The Environmental History of Africa

Topic 2 - Africa's environmental macrosystems

The physical settings in which African social and economic systems have evolved are diverse, and distinctive in many ways. The key elements include:

  1. Climate
    1. Unlike temperate zones where growing seasons primarily reflect changes in temperature, Africa's rhythms of life reflect rainfall (i.e. moisture) as the "limiting" factor.
    2. Africa has a bimodal climate based around a summer wet season and a winter dry season (summer is June-September above and equator and December-March below the equator). In fact, Africa's swings between dry and wet seasons are the most pronounced of any of the continents.
    3. The convergence of the anticyclonic and trade winds create a zone of turbulence around the equator known as the Inter-Tropical Convergence Zone (ITCZ). The ITCZ moves north and south of the equator in summer months, bringing the bimodal patterns of rainfall.
    4. Annual variations in the ITCZ movement produces Africa's distinctive seasonality. In years with El Nino effects the ITCZ may not reach its full extensions north and south, thus causing drought in those zones.
    5. Africa has had much long-term variation in temperature and moisture. Deserts have expanded and contracted over time. Last major Sahara wet phase ended in 2500 B.C. effecting the movement of desert peoples east to the Nile Valley and, perhaps, accounting for the flourishing of Egyptian civilization.
    6. The seasonal movements of moisture has historically produced rhythms to human life as pastoralists an their livestock follow the greening of savanna grasses and water supply. Farmers adjust their planting times and crops to accommodate the wet/dry patterns, and animals travel to new sources of food.
    7. Along the East African coast the seasonal shifts in monsoon winds have determined the movement of small sailing vessels (dhows) that carried people and trade goods to and from the Persian Gulf, the Indian sub-continent, and South East Asia.

  2. Hydrography (movement of water on the land)
    1. Major river systems support local transport, allow irrigation, and provide food: Nile, Niger, Zambezi, Congo.
    2. East Africa Great Lakes extend along Rift Valley have allowed dense human settlement by enhancing food supply and transport.
    3. Action of water on land has caused erosion and redeposition of soils that make river flood plains agriculturally productive.

  3. Soils and Geology
    1. Africa's soils are old and in tropical temperatures are easily leached, losing fertility easily.
    2. Farmer's response has been to develop shifting agriculture by the use of systematic fallowing to allow fertility to regenerate.
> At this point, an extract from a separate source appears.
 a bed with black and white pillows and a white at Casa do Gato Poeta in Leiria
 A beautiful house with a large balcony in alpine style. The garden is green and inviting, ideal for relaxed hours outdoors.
System called citamene in Zambia.
    3. Volcanic soils in highland areas of Kenya, Ethiopia, Rwanda, Cameroon are agriculturally productive and allow dense human populations to settle there.

  4. Vegetation Types
    1. Rainforest (Africa's rainforest zones tend to be less biodiverse than other such zones around the world, a result of the protracted dry historical phases
    2. Savanna
    3. Sahel (from the Arabic for "coast") is the area immediately south of the Sahara desert
    4. Afro-Alpine, highland zones where high elevation reduces temperature and promotes a distinctive habitat.
    5. The action of rainfall and temperature over time promotes a dynamism between vegetation types (forest and savanna, savanna and desert) and human activities (pastoralism vs. agriculture), population density, and patterns of trade.

  5. Fauna
    1. Africa's diversity of landscapes and habitats promotes endemism (historical development of distinctive species)
    2. In many cases, however, the long-term shifts from wet to dry and back again has forced many species to adapt to both conditions and promotes the spread of common species across broad zones rather than locally distinctive types.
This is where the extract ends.